Junghans est une référence incontournable dans le monde de l'horlogerie allemande grâce à sa célèbre collection Max Bill (Voir ici). Au milieu des années 50, Max Bill, artiste et disciple du Bauhaus, reçut une commande de Junghans pour une Neuf . Une horloge de cuisine fut le précurseur du Neuf en 1956 et ouvrit la voie au lancement de la désormais légendaire Max Bill, dont le dévoilement eut lieu en 1961.

Détail intéressant : l'index à 4 heures dans la typographie de Max Bill

Lorsque la collection a été relancée en 1997 sous le nom de « Max Bill » par Junghans, elle a entamé son ascension mondiale, qui l'a même conduite dans les salles sacrées de la boutique du Musée d'art moderne de Neuf . En 2018, la collection a fait l'objet d'un nouveau rajeunissement et Junghans l'a baptisée « Max Bill Mega », dotée d'une technologie de transmission radio.

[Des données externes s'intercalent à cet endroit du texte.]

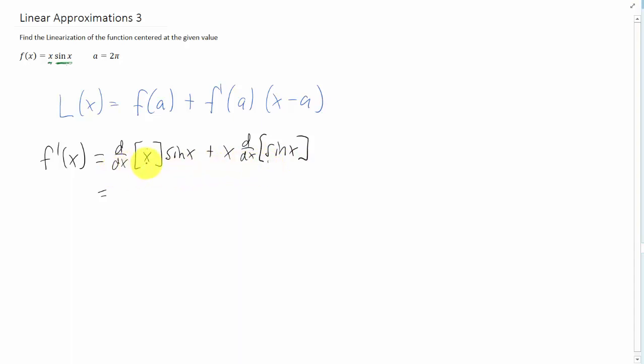If we do the derivatives, the derivative of x is 1, and the derivative of sine of x is cosine of x.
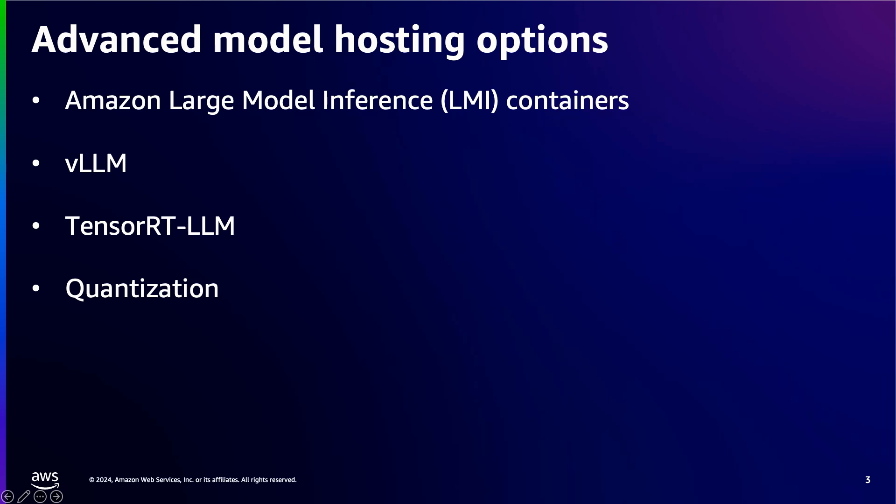TensorRT-LLM is the open-source library that provides users with an easy-to-use Python API to define large language models and build TensorRT engines that contain state-of-the-art optimizations to perform inference efficiently on NVIDIA GPUs. TensorRT-LLM is a good choice for low-variability use cases like instruction and summarization.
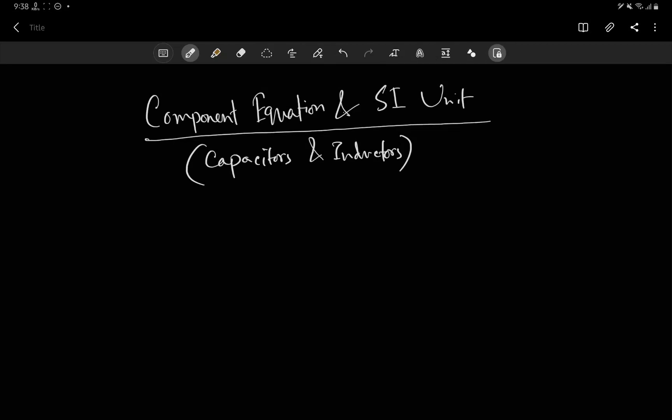Welcome to this new lecture. In this lecture we are going to talk about component equations and SI units for capacitors and inductors. We are going to discuss how we can measure capacitance or inductance.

Toute discussion sur les marques horlogères allemandes inspirées du Bauhaus mène inévitablement à NOMOS Glashütte. Bien que cette marque soit souvent citée dans le même souffle que l'école de design de Weimar ou le mouvement Bauhaus, elle n'a, à proprement parler, aucun lien avec la fabrication originale de ces montres. Comment aurait-elle pu en avoir ? Elle n'a en effet vu le jour que près de 70 ans plus tard.

Il faut toutefois reconnaître sans réserve que la marque a joué un rôle de premier plan dans la renaissance du Bauhaus. Depuis sa création en 1990 par Roland Schwertner, peu après la réunification allemande, la marque s’est forgé une renommée mondiale grâce à ses montres au style Bauhaus caractéristique, telles que la Tangente. Dans les cercles d’amateurs d’horlogerie, cette montre est d’ailleurs communément appelée « la montre Bauhaus ». À l’occasion du 100e anniversaire, Glashütte rend hommage au Bauhaus avec une édition limitée de la Tangente Special Edition. Elle est disponible en trois tailles, de 33 à 38 mm, et limitée à 100 exemplaires pour chaque modèle.

L'incarnation même du Bauhaus : la NOMOS Glashütte Tangente

En Allemagne, les amateurs de montres Bauhaus trouveront leur bonheur même en dehors des sentiers battus, avec des marques telles que Stowa, Aristo, Braun, Stowa et Defakto. Nous omettons délibérément la myriade de micro-marques qui poussent comme des champignons un peu partout, car ce pays est une véritable Mecque du Bauhaus. À y regarder de plus près, certains designs marquants de marques de renommée mondiale, comme celui de la pomme croquée ou celui du magasin de meubles venu du pays des Köttbullar, démontrent que cette école de design compte d’innombrables adeptes passionnés bien au-delà des frontières allemandes.

Une école de design allemande part à la conquête du monde.